| Book corner By Tom
Deignan
Non Fiction
The Thomas Cahill
“Hinges of History” juggernaut continues to roll on with his
latest work Mysteries of the Middle Ages: The Rise of Feminism, Science
and Art from the Cults of Catholic Europe. Once again Cahill (whose past
entries in the series include How the Irish Saved Civilization and the
most recent Sailing the Wine-Dark Sea) offers an accessible overview “and
revision” of a historical time period.
Cahill, in typically bold fashion, wants us to rethink what we believed
we knew about the Middle Ages.
“Though often represented as a period of repression, heavy with
superstition, the Middle Ages offered, at least in religious roles, more
options than are now allowed,” he writes. The intense worship of
the Virgin Mary, for example, elevated the status of women, according
to Cahill. The debate over how communion bread was transformed into the
body of Jesus spurred intense philosophical debates that eventually broke
new intellectual ground. Along the way we take trips to Rome, Paris and
Florence and get snapshots of figures such as Francis of Assisi, the artist
Giotto, and the early Franciscans, who are dubbed “the world’s
first hippies.”
It’s not necessary to agree with all that Cahill says to enjoy Mysteries
of the Middle Ages.
($32.50 / 320 pages / Nan A. Talese)
As Ireland enters
its own multicultural age, historians will surely begin showing greater
curiosity about how previous ethnic minorities lived in Ireland. The most
famous figure, of course, is Joyce’s Jewish character Leopold Bloom,
the main protagonist in Ulysses. In his new book Jewish Ireland in the
Age of Joyce: A Socioeconomic History, Cormac O’Grada explores the
rise and fall of a vibrant Irish community. O’Grada, Professor of
Economics at University College Dublin, focuses largely on Dublin’s
Little Jerusalem, which drew notice in the 1870s when Lithuanian Jewish
immigrants began settling there. The community thrived until around the
1940s. O’Grada, whose other books include Black’47 and Beyond,
has identified what might seem to be an obscure topic and made it highly
relevant for contemporary readers.
($35 / 320 pages / Princeton University Press)
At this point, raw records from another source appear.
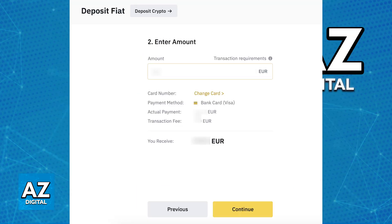Proceed and enter the amount that you would like to deposit. As you can see, there is going to be a transaction fee associated with this deposit, so keep that in mind. Review everything and see how much you will receive in contrast with how much you are depositing.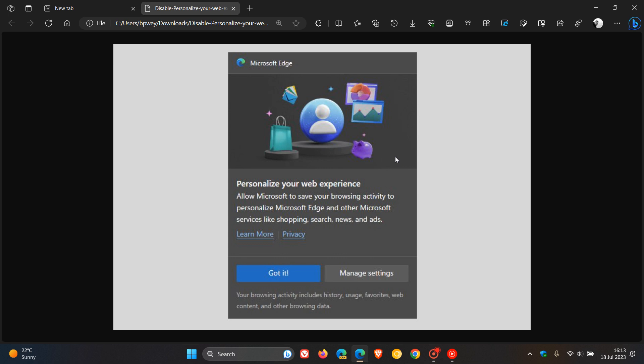If you find this intrusive, distracting, or annoying, or if you're concerned about your privacy, this quick video will show you how to disable this Personalize Your Web Experience prompt or any similar banner in the stable version of Microsoft Edge.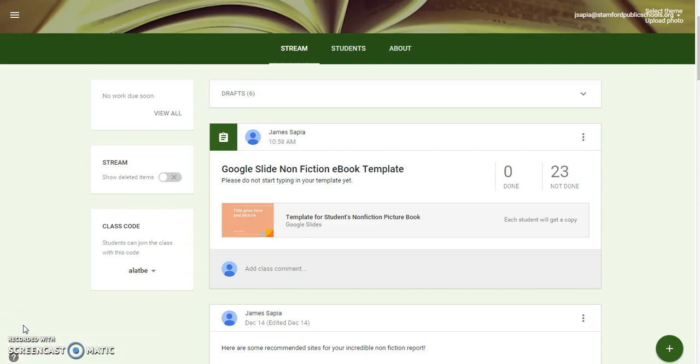Hey RIP5 scholars, it's Mr. Sapia here. I am going to be creating a few online videos using Screencast-O-Matic to show you guys how to use Google Slides. Part of the purpose of me doing this is so that you can use your time wisely — if some of you finish your research and you're ready to start your slides, you can use these videos to help you. You can watch them and then move along.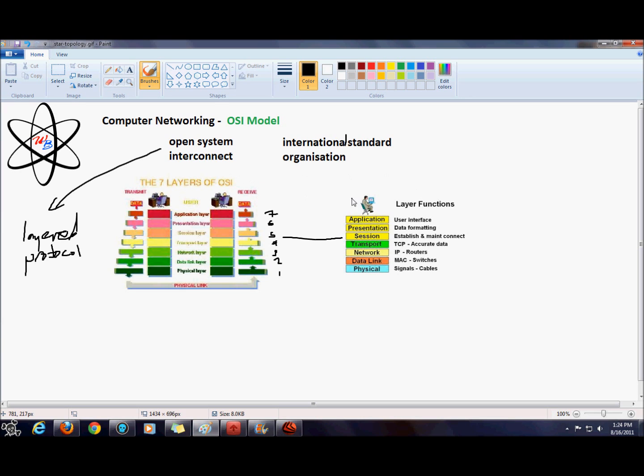The transport layer uses a protocol known as the TCP protocol, or Transmission Control Protocol. This protocol is a connection-oriented protocol. It ensures that your data is delivered, the information is delivered accurately from the sender to the receiver.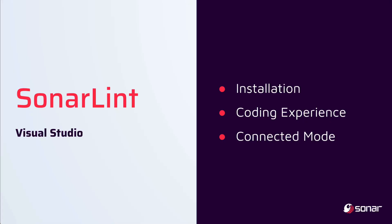In this video, we'll be discussing SonarLint for Visual Studio. We'll cover the installation, the coding experience for developers, and the advantages that connected mode can bring.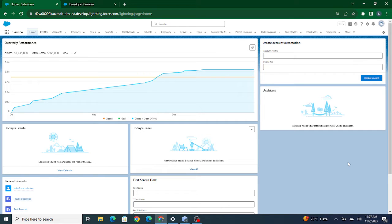As we learned in the previous videos, using Wire you can pull data from Salesforce. Whenever you use Wire and your component is reloaded, it will automatically pull the data from your Apex class to your LWC component. But we don't have much control over it — as soon as the component reloads, it automatically makes a call to Apex and pulls the data.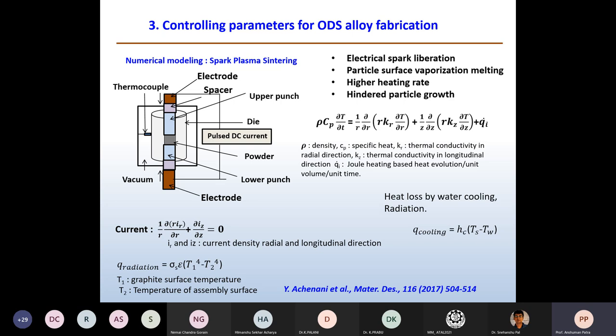A simple model provides understanding: δT/δt = (1/R)(δR/R), where the Joule heating-based heat evolution QI is key. The temperature distribution depends on CP of the material, thermal conductivity in radial and longitudinal directions. Increasing Joule heating rate also increases density (ρ value). Heat losses occur by water cooling and by radiation, depending on graphite surface temperature T1, assembly inner surface temperature T2, emissivity epsilon, and Stefan-Boltzmann constant sigma. Current in the I and J directions can also be regulated by this model.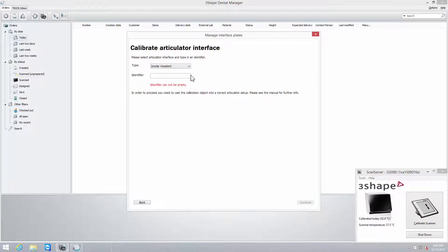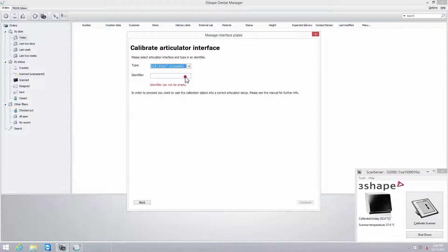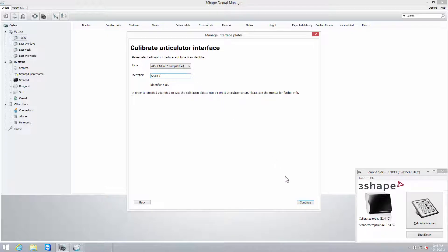In the Type drop-down menu, select your type of articulator and below, fill in its identifier in the provided field. Then press Continue.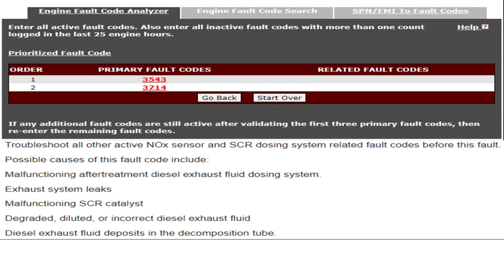We opened up Quick Serve and put these in the fault analyzer. It told us to troubleshoot 3543 first and 3714 second. For 3543, it said: troubleshoot all other active NOx sensor and SCR dosing related faults before this. Possible causes include a malfunctioning diesel exhaust fluid dosing system, exhaust leaks, malfunctioning SCR catalyst, degraded, diluted, or incorrect diesel exhaust fluid, and diesel exhaust fluid deposits in a decomp tube.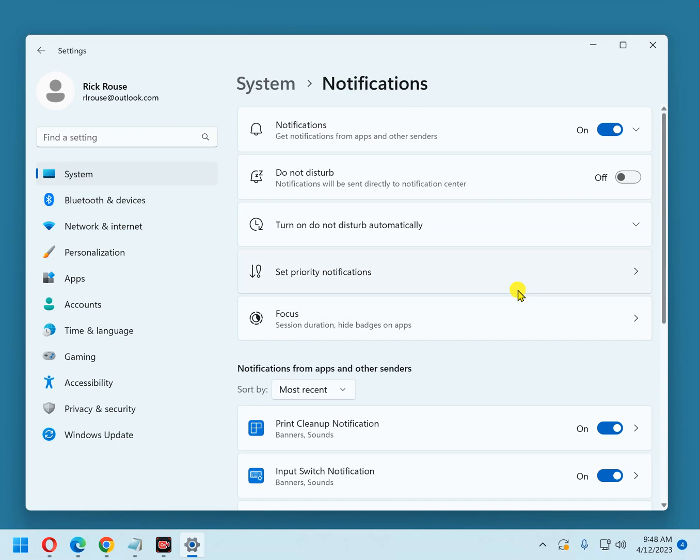And that pretty much takes care of the notification settings. If you found this tip useful, please hit like and subscribe if you'd like to help other folks find my tips. Thanks a bunch.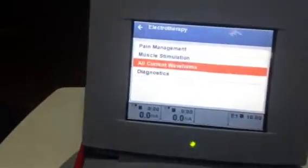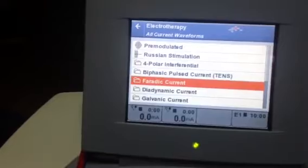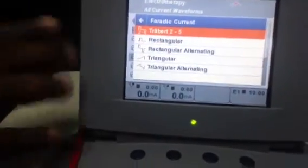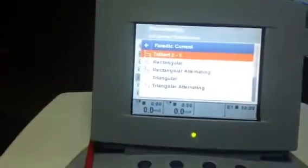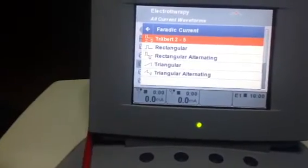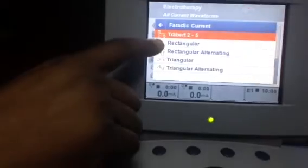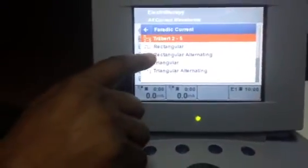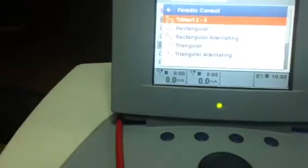Now we will select a current to demonstrate. Go to All Current Waveforms and select Faradic current. In Faradic, you have five types: Direct (also called Trebert current), Rectangular Direct, Rectangular Alternating, Triangular Direct, and Triangular Alternating.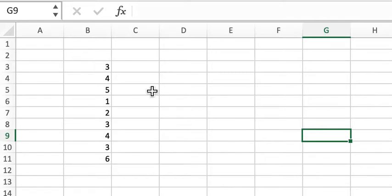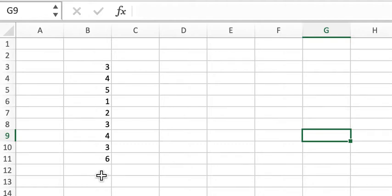Alright, so how do we do that? Let's say we have this collection of numbers in this column. So you want to find which number comes out most frequently.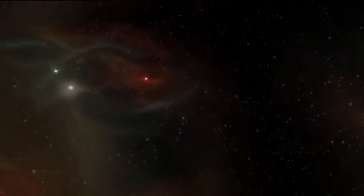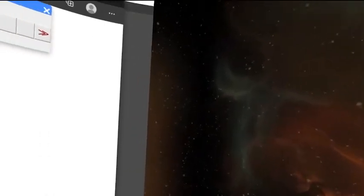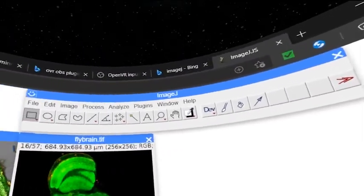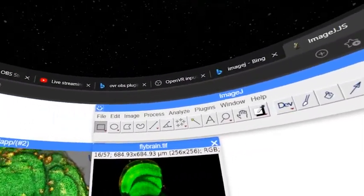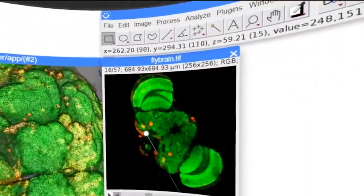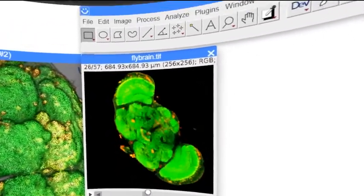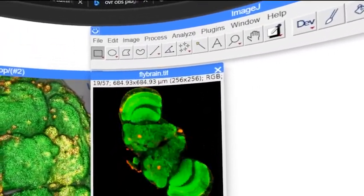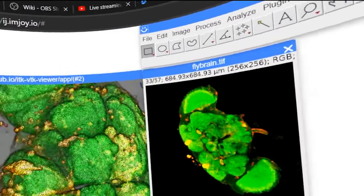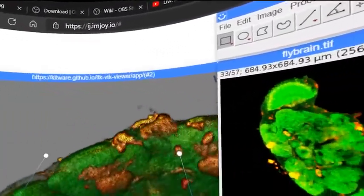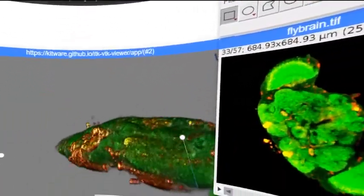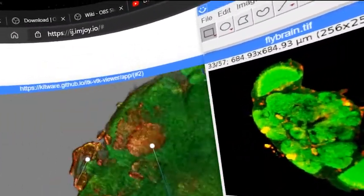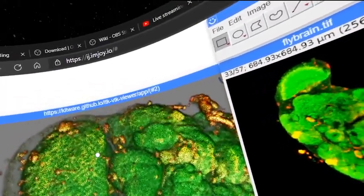Imagine a virtual world not too far away from here where ImageJ runs in a browser, a browser suspended in a massive window that's suspended in space, and the 3D plugin works an absolute treat. How cool is that?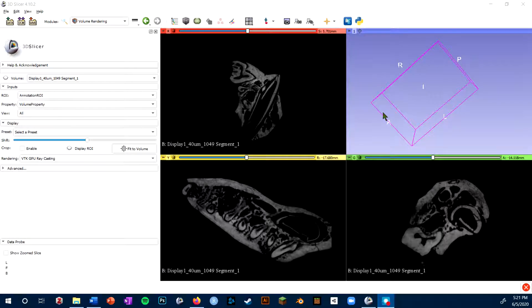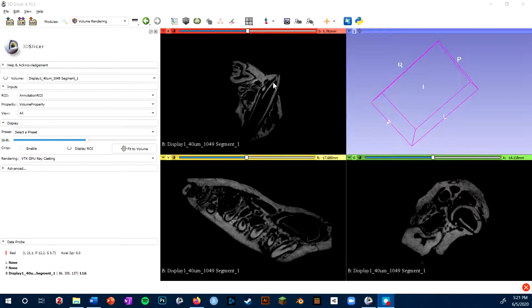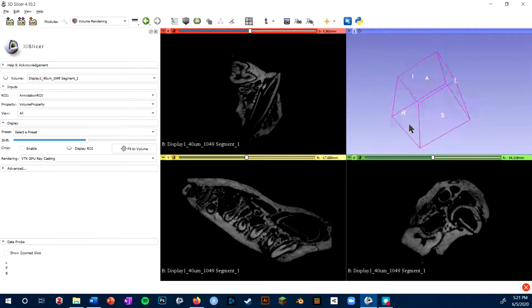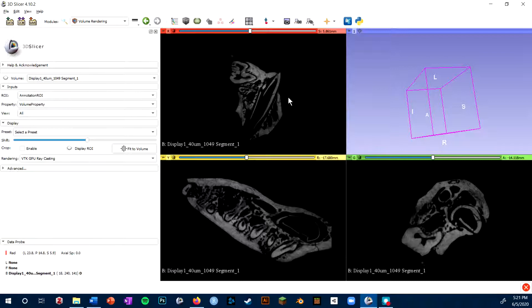You can render volumes in Slicer using the volume rendering module. I currently have a volume loaded that's visible in the slice views, however it's not showing up in 3D. That's because I haven't rendered it yet.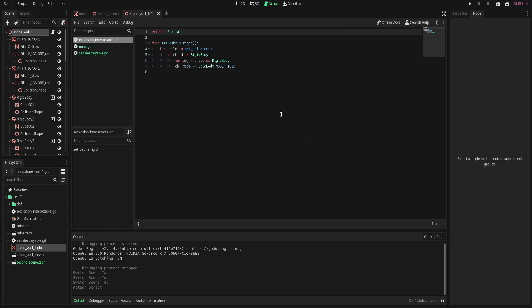The only thing that I'm doing is that I'm calling this function from another object which is going to be the mine, which we will get into here in a second. But we call it from there and we set all the rigid body mode back to rigid.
Speaking of obscure, Kevin J. Rich (with the assistance of Marilyn Sieberman)
has just completed Irish Immigrants of the Emigrant Industrial Savings
Bank. This limited edition lists the actual banking data of mostly Irish
immigrants whose account numbers were 2501 to 7500. This might seem dull
but many of these entries reveal fascinating details about how and why
the Irish came to New York, where they came from and where they settled.
($29.99 / 382 pages / Broadway-Manhattan)
The ties that bind father to daughter, nation to nation are on display
in Vietnam: Our Father Daughter Journey by Ed and Zoeann Murphy. (Full
disclosure: This columnist is proud to call the authors his cousins.)
The book is a written as well as photographic journey through recent decades,
covering the tumultuous events which led Murphy to Vietnam in the 1960s,
protest back home in the 1970s, and then back to Vietnam as the past painfully
began to recede.
Ed provides much of the historical context, discussing his Irish Catholic
Democratic upbringing in almost rural Staten Island, his flirtation with
a life inside the church, and then his trip to Vietnam, where he helped
wage war before coming home and fighting to end the conflict.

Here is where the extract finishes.